Beginning with the line that contains "2026 Chrysler Pacifica Select AWD", repeat each line exactly through the end of the listing below. Pictures stay out.

#### [Available data]
BEGIN

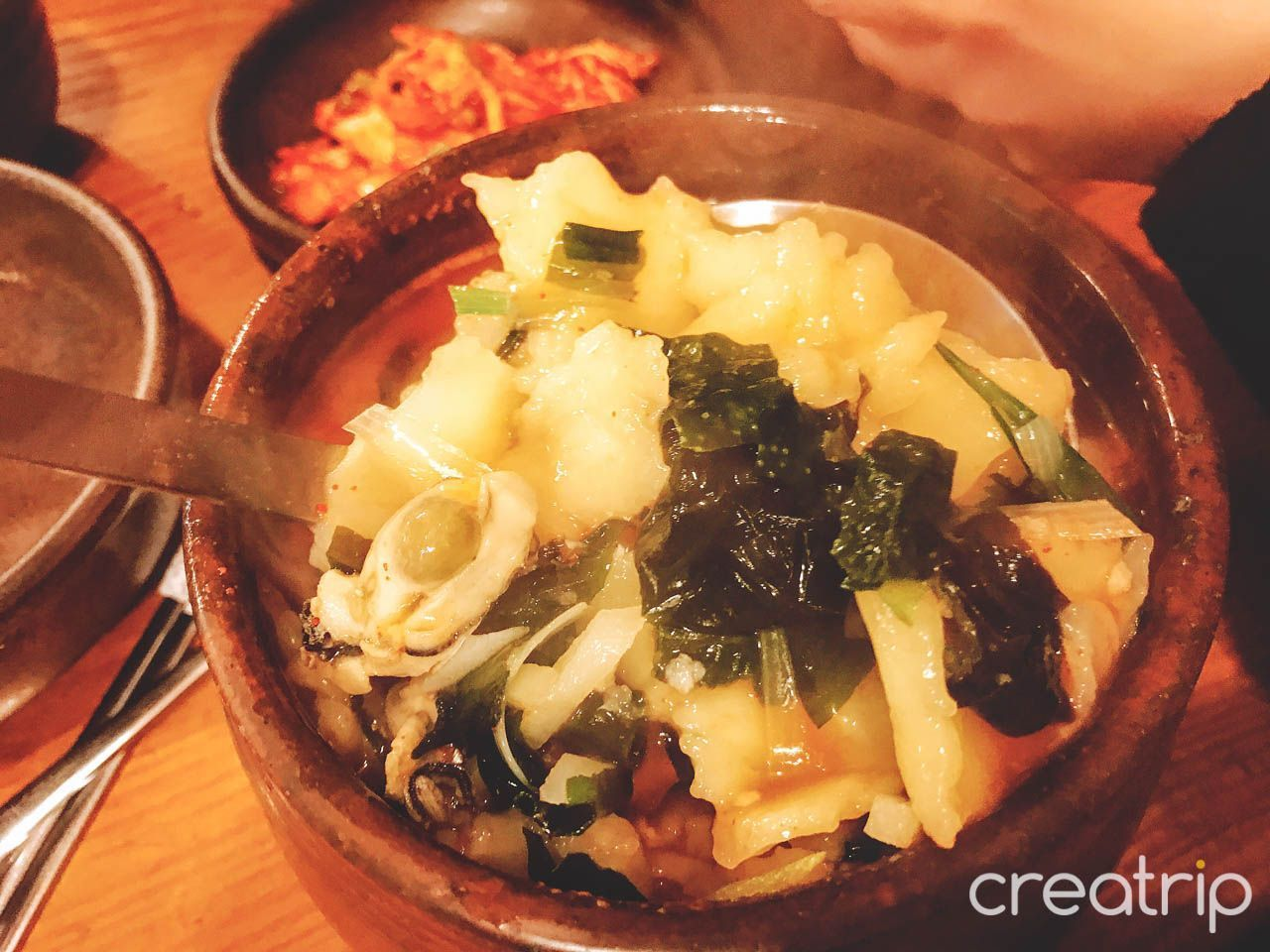 Sopa de masa estirada a mano servida en una olla de sujebi caliente en Insadong Pot Sujebi.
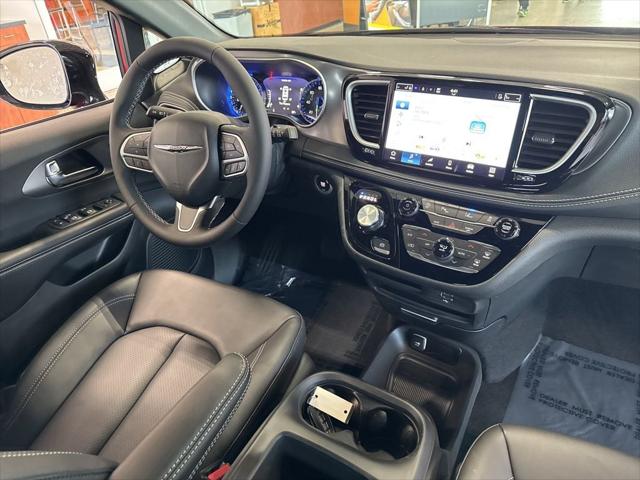 2026 Chrysler Pacifica Select AWD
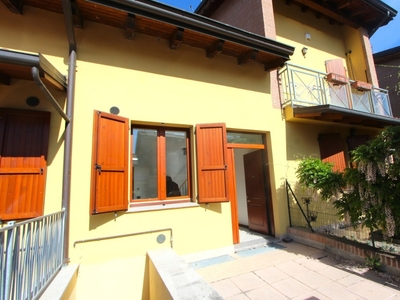 Villa a schiera in Via Caduti di Sabbiuno, Valsamoggia, 4 locali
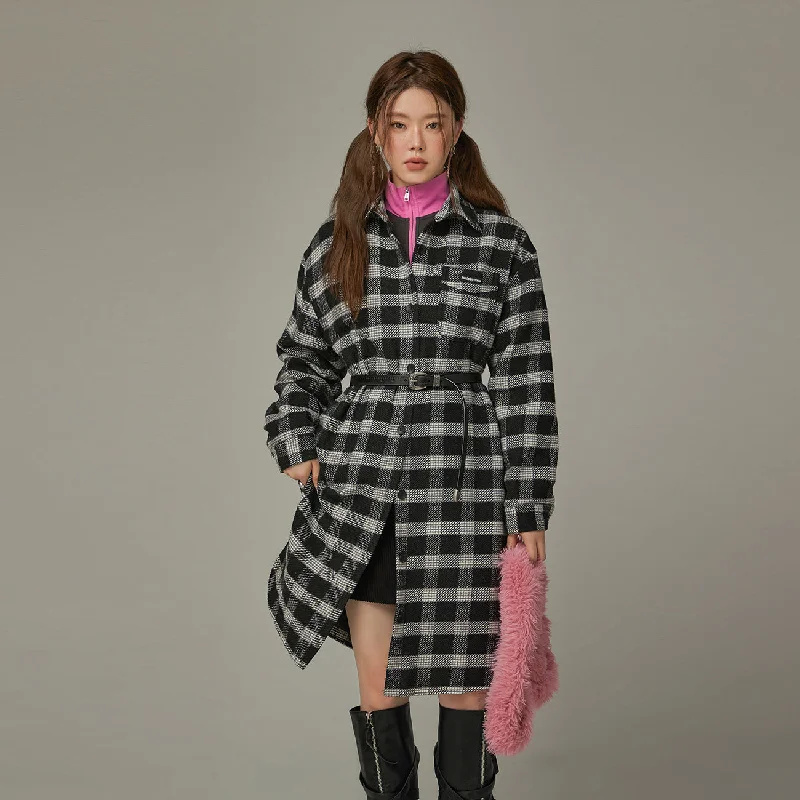 Long women's mac coats in a lightweight fabric for spring showersCheck Long Button Coat Long women's mac coats in a lightweight fabric for spring showersCheck Long Button Coat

END

#### [Expected answer]
 2026 Chrysler Pacifica Select AWD
 Villa a schiera in Via Caduti di Sabbiuno, Valsamoggia, 4 locali
 Long women's mac coats in a lightweight fabric for spring showersCheck Long Button Coat Long women's mac coats in a lightweight fabric for spring showersCheck Long Button Coat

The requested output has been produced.